- GOAL OF THE EXERCISE -
Write the records out again without change. Leave the pictures behind.
---
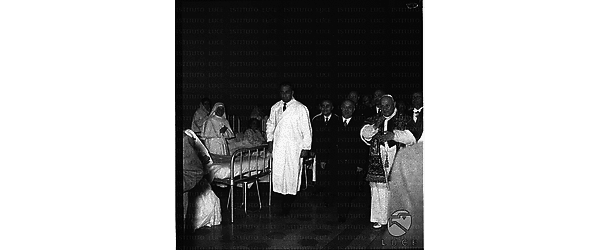 Il papa Giovanni XXIII accompagnato da Fanfani e da un medico (il professore Piero Alonzo ?) in una corsia dell'ospedale. Campo medio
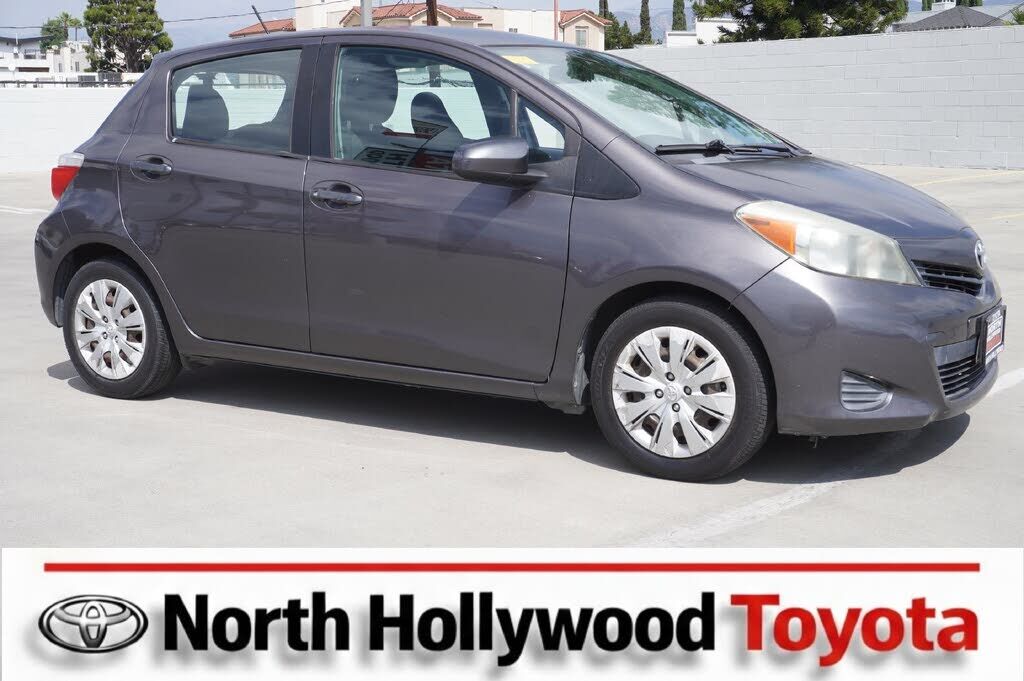 2014 TOYOTA Yaris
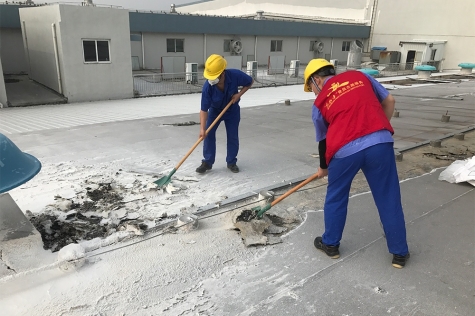 廠(chǎng)區(qu)屋頂清(qing)掃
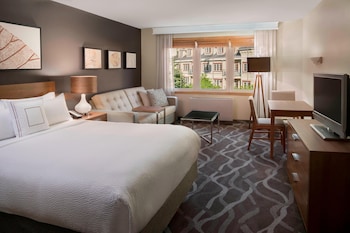 Studio, 1 Queen Bed with Sofa bed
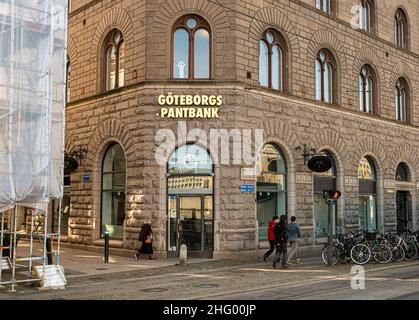 Exteriör av "Göteborgs Pantbank" i en stenbyggnad med valvformade fönster.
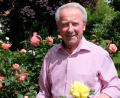 Bild: le
Noch lange nicht zur Ruhe gesetzt hat sich der 80-jährige Landwirtschaftsmeister Erich Schieder aus Ellenbach. Die Geschichtsschreibung, die Waldpflege, die Fischzucht und der Blumenschmuck zählen rund um die Uhr zu seinem Hobbys.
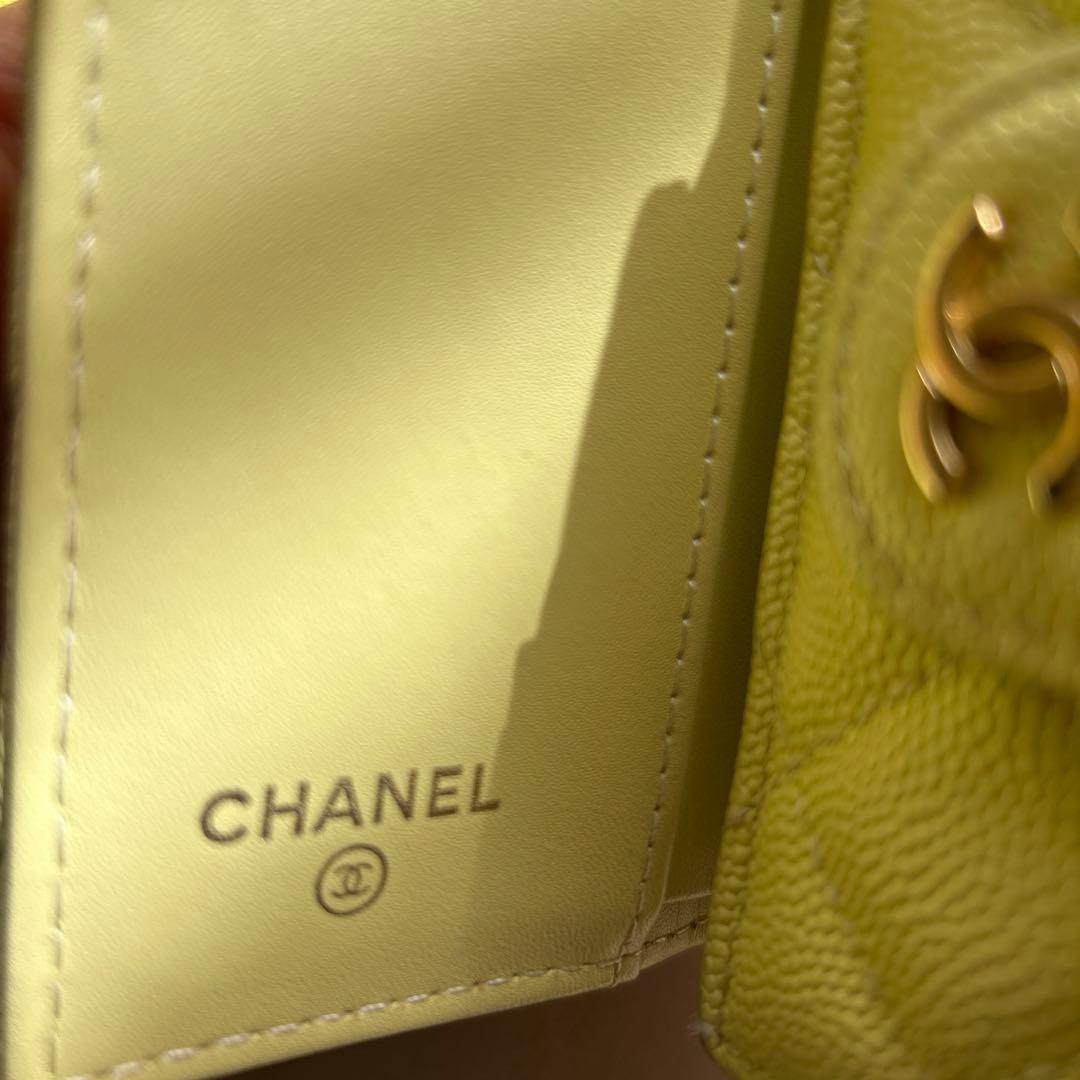 イエロー 三つ折り財布 マトラッセ イエロー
---
- YOUR RESPONSE -
 Il papa Giovanni XXIII accompagnato da Fanfani e da un medico (il professore Piero Alonzo ?) in una corsia dell'ospedale. Campo medio
 2014 TOYOTA Yaris
 廠(chǎng)區(qu)屋頂清(qing)掃
 Studio, 1 Queen Bed with Sofa bed
 Exteriör av "Göteborgs Pantbank" i en stenbyggnad med valvformade fönster.
 Bild: le
Noch lange nicht zur Ruhe gesetzt hat sich der 80-jährige Landwirtschaftsmeister Erich Schieder aus Ellenbach. Die Geschichtsschreibung, die Waldpflege, die Fischzucht und der Blumenschmuck zählen rund um die Uhr zu seinem Hobbys.
 イエロー 三つ折り財布 マトラッセ イエロー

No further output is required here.